Die Wählerstimmen sind natürlich wichtig, aber auch das Ergebnis spielt eine Rolle. Wenn beispielsweise zwei Parteien annähernd viel Stimmen hätten und beide nicht miteinandern koalieren möchten, dann könnte eine dritte (kleinere) Partei als Königsmacher natürlich mehr einfordern, als es vielleicht das Ergebnis hergeben würde.

In Österreich hatten wir 1999 den Fall, dass die SPÖ recht deutlich gewonnen hat und FPÖ und ÖVP fast stimmengleich zweit bzw. dritt wurden. Das Ergebnis war, dass FPÖ und ÖVP eine Regierung bildeten und die ÖVP als drittstärkste Partei den Kanzler stellen durfte. Die Regierungsposten wurden dabei 50:50 aufgeteilt.

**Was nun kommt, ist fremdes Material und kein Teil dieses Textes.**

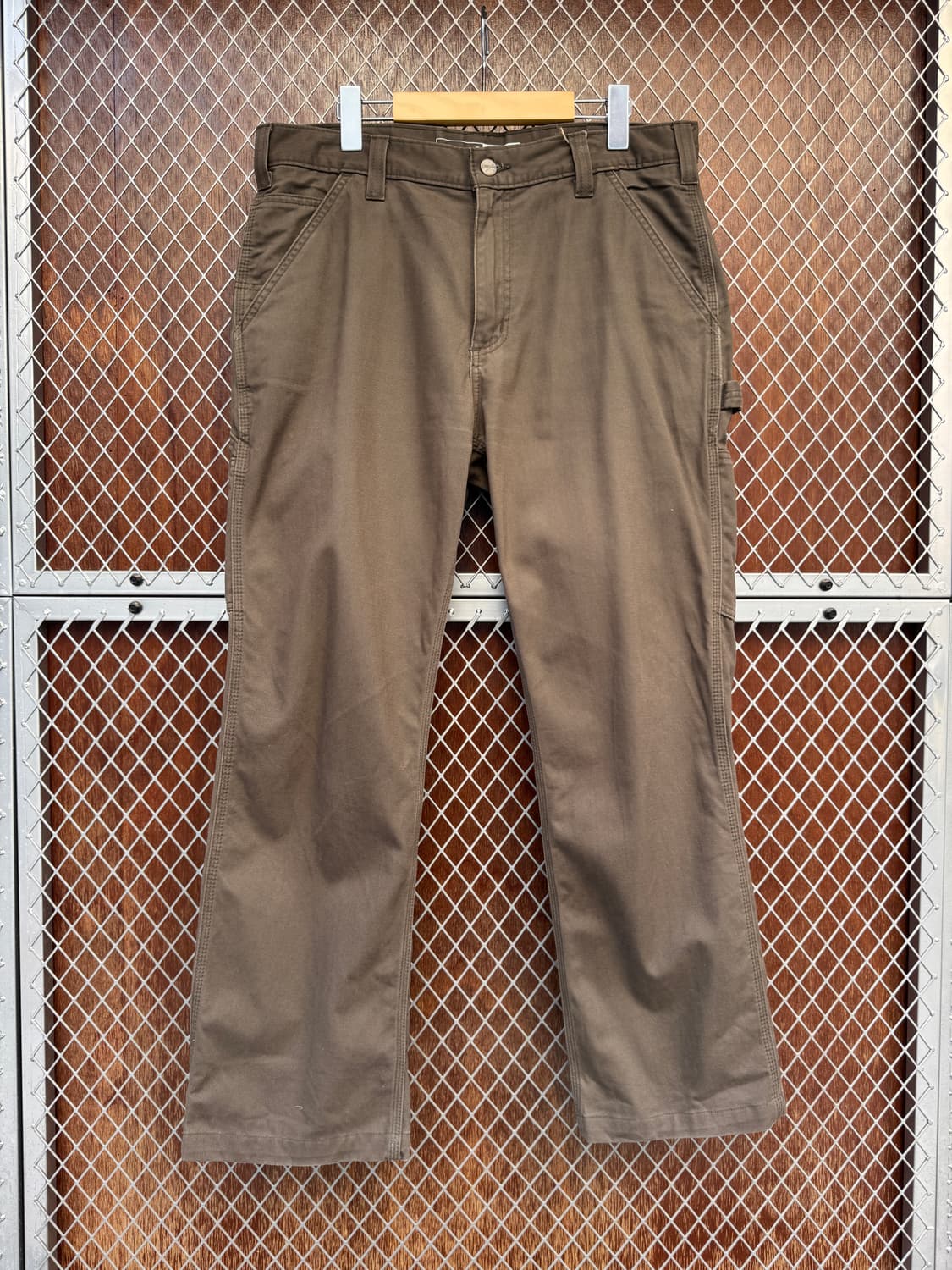 칼하트 릴렉스핏 카펜터팬츠 카키 브라운 34 상품이미지3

Warum hat dann nicht FPÖ als zweitstärkste Partei den Kanzler aufgestellt? Ist es nicht so, dass die stärkste regierende Partei den Kanzler aufstellt ? Oder ist es auch Verhandlungsache?

Hallo,
est ist legitim und gehört auch zur Demokratie dazu, keine Frage - ich meine die Koalitionsfreiheit.
Wenn es aber so ist, dass die kleine Partei einer Koalition die Kanzler/innenfrage entscheidet, dann
kommt man schon ins Grübeln.
Und wenn ich dann so etwas lese - https://www.n-tv.de/politik/politik_person_der_woche/Christian-Lindner-entscheidet-wer-Kanzler-wird-article22760365.html
und befürchten muss, dass das auch wahr werden kann, dann bin ich sofort ein Verfechter
von Minderheitsregierungen :sunglasses:
Gruss
Czauderna

Das hatte mehrere Gründe. Wie du richtig sagst, wird in der Regel der Spitzenkandidat der stärksten Partei mit der Regierungsbildung beauftragt. Daher war auch zuerst die SPÖ am Zug, die aber eine Koalition mit der FPÖ explizit ausgeschlossen hatte. Somit befand sich die ÖVP in der Rolle des Königsmacher und ging entsprechend aggressiv in die Verhandlungen. Letztendlich scheiterten es am Finanzministerium, das die ÖVP beanspruchte, aber die SPÖ nicht hergeben wollte (sie stellte den Finanzminister seit 1970 - und seit dem nie wieder).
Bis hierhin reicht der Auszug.